I have a system with the dizzy, having had it out so many times, where I keep track of where the rotor is in relation to the cylinder wire it was closest too. So, if i am off a tooth, I always get it back on in a place where it will start, and the fine tune from there.


----------



## armyadarkness (Dec 7, 2020)

oldmanz said:


> Great info! Thanks! I think that is what I needed to hear. It's hard to find that info with so many people doing different things.
> 
> So, what is the best route then? You guys have said both dished pistons and different heads. Is there a preferred route?


Climate also matters quite a bit. I live in Jersey and I run closed chamber 670 heads, without dished pistons, on 93 octane, with 16 degrees of advance. Many other guys here could never run that same setup. No two cars are the same, so take the advice with a grain of salt.


----------



## armyadarkness (Dec 7, 2020)

oldmanz said:


> Can't hear any at base
> Cruise slightly unless really retarded (IGNITION)
> WOT less noticeable than cruise when getting it there. But, when even a little too advanced (IGNITION), I get extremely loud det.
> 
> ...


Ah! This is telling. 

If you cant hear any at base, then retarding the timing even more is just a waste. 


You need to set the base timing so that the engine is happy at idle.
If it's pinging at cruise, then you need to install heavier centrifugal springs or limit the vac can further. How are you verifying that you limited your vac can to 10 degrees?
You state that WOT pinging is less noticeable, so if it's not pinging at base, pinging at cruise, and barley pinging at WOT, Im a bit perplexed. I would verify TDC, verify your CCW firing order, run 93 octane, limit your vac advance, install heavier mechanical advance springs, and set the base timing so that the car runs sweet at idle.
Then report back with results


----------



## armyadarkness (Dec 7, 2020)

oldmanz said:


> I have a system with the dizzy, having had it out so many times, where I keep track of where the rotor is in relation to the cylinder wire it was closest too. So, if i am off a tooth, I always get it back on in a place where it will start, and the fine tune from there.


The problem with that method is that:


If you install the dizzy pointing at #2, and advance it, it will start and run, but act like the engine is retarded.
If you install the dizzy pointing at #8, and retard it, it will start, but act like the engine is seriously advanced.


----------



## geeteeohguy (Feb 2, 2008)

oldmanz said:


> Great info! Thanks! I think that is what I needed to hear. It's hard to find that info with so many people doing different things.
> 
> So, what is the best route then? You guys have said both dished pistons and different heads. Is there a preferred route?
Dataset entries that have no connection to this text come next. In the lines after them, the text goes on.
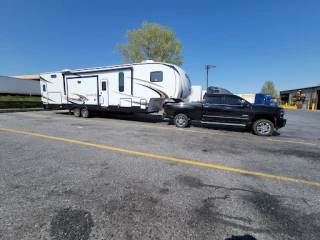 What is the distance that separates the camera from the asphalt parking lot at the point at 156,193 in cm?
212

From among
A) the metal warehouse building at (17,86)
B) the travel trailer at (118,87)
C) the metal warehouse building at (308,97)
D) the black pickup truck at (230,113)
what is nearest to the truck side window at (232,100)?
the black pickup truck at (230,113)

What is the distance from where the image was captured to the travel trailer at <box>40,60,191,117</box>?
939cm

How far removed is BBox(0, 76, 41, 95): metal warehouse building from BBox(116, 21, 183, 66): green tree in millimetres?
16951

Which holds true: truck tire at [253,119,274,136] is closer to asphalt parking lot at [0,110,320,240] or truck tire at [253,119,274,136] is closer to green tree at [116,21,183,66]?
asphalt parking lot at [0,110,320,240]

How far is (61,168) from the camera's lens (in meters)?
3.78

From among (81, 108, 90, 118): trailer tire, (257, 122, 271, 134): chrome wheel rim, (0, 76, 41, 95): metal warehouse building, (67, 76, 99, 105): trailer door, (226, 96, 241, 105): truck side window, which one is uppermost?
(0, 76, 41, 95): metal warehouse building

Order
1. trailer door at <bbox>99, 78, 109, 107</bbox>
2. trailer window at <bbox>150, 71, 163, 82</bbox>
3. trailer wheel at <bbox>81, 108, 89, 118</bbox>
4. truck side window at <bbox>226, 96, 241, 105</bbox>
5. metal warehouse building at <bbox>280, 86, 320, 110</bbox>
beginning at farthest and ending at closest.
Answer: metal warehouse building at <bbox>280, 86, 320, 110</bbox>
trailer wheel at <bbox>81, 108, 89, 118</bbox>
trailer door at <bbox>99, 78, 109, 107</bbox>
trailer window at <bbox>150, 71, 163, 82</bbox>
truck side window at <bbox>226, 96, 241, 105</bbox>

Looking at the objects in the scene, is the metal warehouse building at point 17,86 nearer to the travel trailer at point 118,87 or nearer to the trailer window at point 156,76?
the travel trailer at point 118,87

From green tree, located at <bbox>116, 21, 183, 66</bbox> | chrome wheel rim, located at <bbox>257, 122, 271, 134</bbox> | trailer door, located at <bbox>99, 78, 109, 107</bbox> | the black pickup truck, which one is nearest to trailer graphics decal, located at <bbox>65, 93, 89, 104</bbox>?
trailer door, located at <bbox>99, 78, 109, 107</bbox>

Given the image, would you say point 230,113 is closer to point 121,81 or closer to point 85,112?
point 121,81

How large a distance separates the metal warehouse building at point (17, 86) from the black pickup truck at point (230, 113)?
28776 mm

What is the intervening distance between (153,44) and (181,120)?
21598 millimetres

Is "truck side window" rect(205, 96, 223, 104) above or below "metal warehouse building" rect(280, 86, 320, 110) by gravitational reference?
below

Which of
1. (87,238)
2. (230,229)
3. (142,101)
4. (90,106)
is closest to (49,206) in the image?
(87,238) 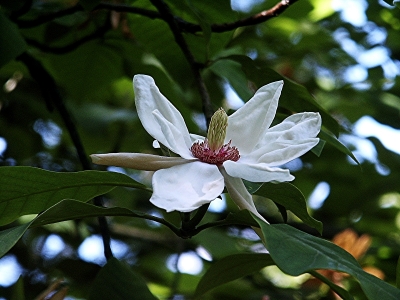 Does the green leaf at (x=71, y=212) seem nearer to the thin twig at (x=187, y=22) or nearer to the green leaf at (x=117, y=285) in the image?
the green leaf at (x=117, y=285)

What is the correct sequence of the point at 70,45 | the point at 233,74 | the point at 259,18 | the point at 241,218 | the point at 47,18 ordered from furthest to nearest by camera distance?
the point at 70,45
the point at 47,18
the point at 233,74
the point at 259,18
the point at 241,218

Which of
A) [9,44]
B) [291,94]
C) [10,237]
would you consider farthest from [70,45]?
[10,237]

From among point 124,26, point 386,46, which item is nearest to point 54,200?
point 124,26

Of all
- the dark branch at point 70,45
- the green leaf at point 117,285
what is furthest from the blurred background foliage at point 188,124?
the green leaf at point 117,285

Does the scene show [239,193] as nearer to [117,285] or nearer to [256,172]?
[256,172]

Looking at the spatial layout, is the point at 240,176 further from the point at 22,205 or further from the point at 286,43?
the point at 286,43

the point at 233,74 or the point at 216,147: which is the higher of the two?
the point at 216,147

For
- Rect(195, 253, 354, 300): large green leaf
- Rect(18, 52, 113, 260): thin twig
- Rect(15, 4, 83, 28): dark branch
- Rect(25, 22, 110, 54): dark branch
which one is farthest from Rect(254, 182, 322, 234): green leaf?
Rect(25, 22, 110, 54): dark branch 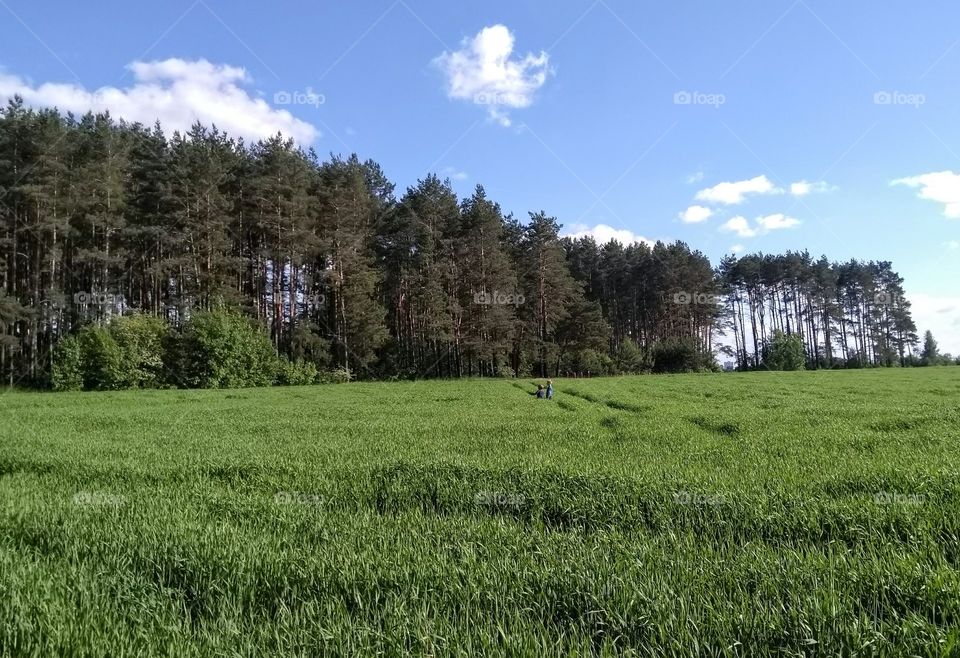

Depends on the shape of your long block. If I were doing a new build, I would use dished pistons. This is not cheap. Have built a few engines in the past 10 years with dished pistons and they all ran VERY strong on 87-89 pump gas and are still running strong. If I had a tight lower end with good rings, etc. a set of lower CR (2bbl spec) heads in the 8-8.2 CR range would be the choice. My personal deal: I built the 389 in my '65 GTO in 1981 and it only has 50,000 miles on it now. I built it when dished slugs, custom rods, and aluminum heads were not available, but good gas was. It's at 11:1 CR and doesn't leak oil and has 175 psi in every cylinder, and that's with a big cam. With a stock 068 cam it would be about 210 psi compression. I have driven this car less than 10,000 miles in the past 30 years because it needs race gas and I just can't convince myself to bite the bullet and install low compression or aluminum heads, which is what I SHOULD do. It runs like a champ. 
I installed a set of lower compression heads on my '67 GTO years ago and it runs fine on pump gas with a stock carb and stock timing curve and runs like a top. I had owned the car for more than 20 years prior to this, and it pinged and detonated no matter what I did, and I'm a tune-up guy. Retarded timing. Water injection. Carb re-jetting. Nope. Ping City. 

So, in summary: if your engine needs a rebuild anyway, dished pistons are the way to go. If your engine is fresh, swapping heads is easier and cheaper.


----------



## geeteeohguy (Feb 2, 2008)

I'll add that in 1987 I broke 4 or 5 pistons and blued the crank and pounded the bearings out of a 428 from detonation. And I never heard a thing. Not one rattle until the rods started to knock after a 7000 rpm blast (with the stock cast pistons). But that's another story I've told before.....just because you don't hear it doesn't mean it isn't happening.


----------



## oldmanz (7 mo ago)

armyadarkness said:


> The problem with that method is that:
> 
> 
> If you install the dizzy pointing at #2, and advance it, it will start and run, but act like the engine is retarded.
> If you install the dizzy pointing at #8, and retard it, it will start, but act like the engine is seriously advanced.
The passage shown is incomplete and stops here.